Nevertheless, a substantial breakthrough failed to come
about. Worse, Pakistan overlapped
the visit of the Indian External Affairs Minister by signing a peace deal with
the Taliban militants in Swat in the disturbed North-West Frontier Province,
much to New Delhi’s
discontent.
In a joint
statement issued at the end of the talks, the two sides agreed to safeguard the
ceasefire on the Line of Control (LoC) as well as confront terrorism. Besides,
the two countries committed to seeking ‘an early amicable solution’ on Siachen
and noted progress on resolving the Sir Creek dispute. Mukherjee held that in
his discussions with Pakistan’s
leadership he “found a strong willingness and desire on the Pakistan side
to move ahead toward full normalization of our relationship.”
The visit by the Foreign Minister was undertaken to assess
the composite dialogue process that was initiated in 2004 amidst much hope and
optimism. These talks grabbed considerable attention owing to the fact that
they took place following a six-month impasse and expectedly were clouded by
issues such as the recent serial bomb blasts in Jaipur leaving scores of people
dead and wounded while transforming the city into scenes of carnage.
In addition, New
Delhi also raised concerns vis-à-vis the recent incidents
of firing on its soldiers from across the LoC. Apparently there have been three
such incidents since May this year, with an Indian soldier being killed in
trans-LoC firing. Furthermore, India’s
Foreign Secretary Shivshankar Menon said after talks with his Pakistani
counterpart Salman Bashir, “Both sides made it clear that they attach great
importance to the ceasefire and they want to make it hold.”
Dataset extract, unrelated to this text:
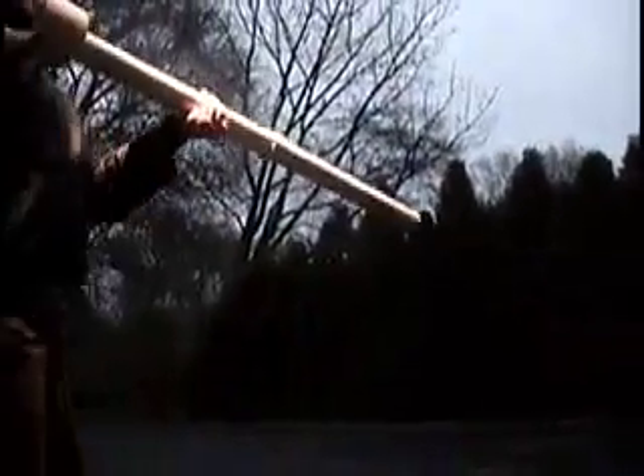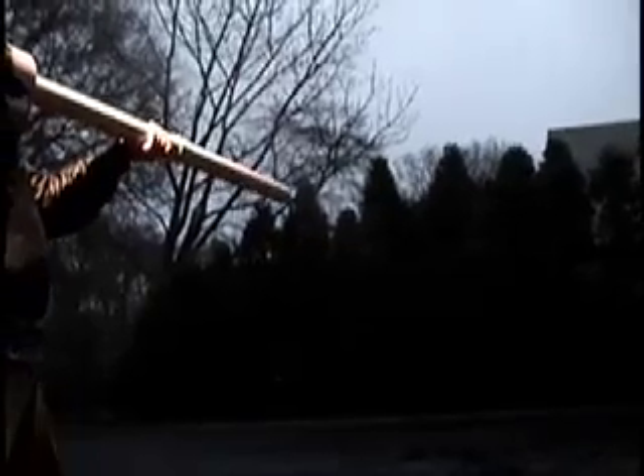I'll launch it into the trees. Place the cannon on your shoulder, thumb on the ignition switch, and launch. That is a potato cannon.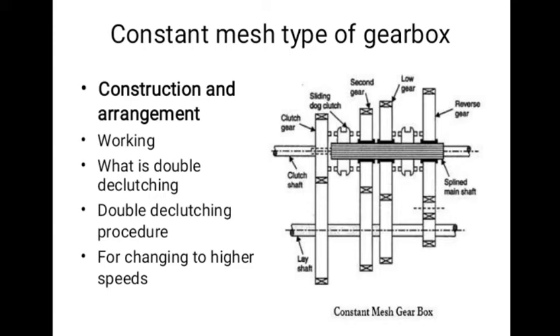The gears on the main shaft, which is splined, are free. The dog clutches are provided which are free to slide on the main shaft. The gears on the lay shaft are fixed.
Consequently, Mukherjee held talks with his counterpart Shah
Mahmood Qureshi where they expectedly discussed various issues including
terrorism, exchange of prisoners, bilateral trade, confidence building measures
and Kashmir. He also met Pakistan People’s
Party leader Asif Ali Zardari, Pakistan Muslim League (N) leader Nawaz Sharif
and Awami National Party leader Asfandyar Wali Khan.
Crucially, Mukherjee’s visit was of particular significance
in another aspect since it was India’s first high-level contact with the
freshly elected Government in Islamabad and the Indian Foreign Minister
expressed confidence that the “new democratic environment” would help in addressing
a range of issues related to peace, stability and economic development.
However, this sanguinity could well be short-lived given the
ongoing political turmoil, as the new governing coalition in Islamabad appears to be inching towards
dissolution. As a matter of fact, this fragility is touted to cast its shadow
on the future of Indo-Pak talks.
In addition, Pranab Mukherjee held a crucial meeting with
President Pervez Musharraf where the Pakistani President stated that Islamabad was committed to the peace process with India and wanted to resolve all outstanding
issues between the two countries, including Kashmir,
through dialogue. Moreover, in a direct message, Musharraf told Mukherjee that
the wishes of the Kashmiri people could not be ignored while seeking a solution
to the Kashmir issue.
Reacting to Musharraf’s statements, the visiting Foreign Minister said New Delhi too was
committed to dialogue and wanted to see “substantial progress on all
outstanding issues provided that the atmosphere of talks is free from
terrorism, violence and the threat of it.”
On the
other hand, militant leaders in Pakistan
issued a staid warning to the Pakistani leadership ahead of Mukherjee’s visit
telling Islamabad “not to retreat on the Kashmir issue.” This admonition came from the Hizbul
Mujahideen Chief Syed Salahuddin who issued a statement that “the people of
Kashmir had no hope in the talks and there would be no progress with India unless Kashmir
was resolved.”
A sense emerges that this visit had several prospective
expectations including the will of both nations to sustain the turtle-paced
dialogue process, in which they might just have met with some success, however,
yet another failure to make progress on the foremost dispute, Kashmir
remained in the spotlight.
It is suffice to say that verbal affirmations by Pakistan’s
leadership towards their commitment to peace by means of the ongoing dialogue
process are purely not sufficient and ought to be coupled with firm actions on the
ground so as to substantiate their words. Adding to India’s
woes, the political volatility in Islamabad’s
newly elected Government might just end up pounding the already sluggish
dialogue process that started four years ago. --- INFA
(Copyright,
India News and Feature Alliance)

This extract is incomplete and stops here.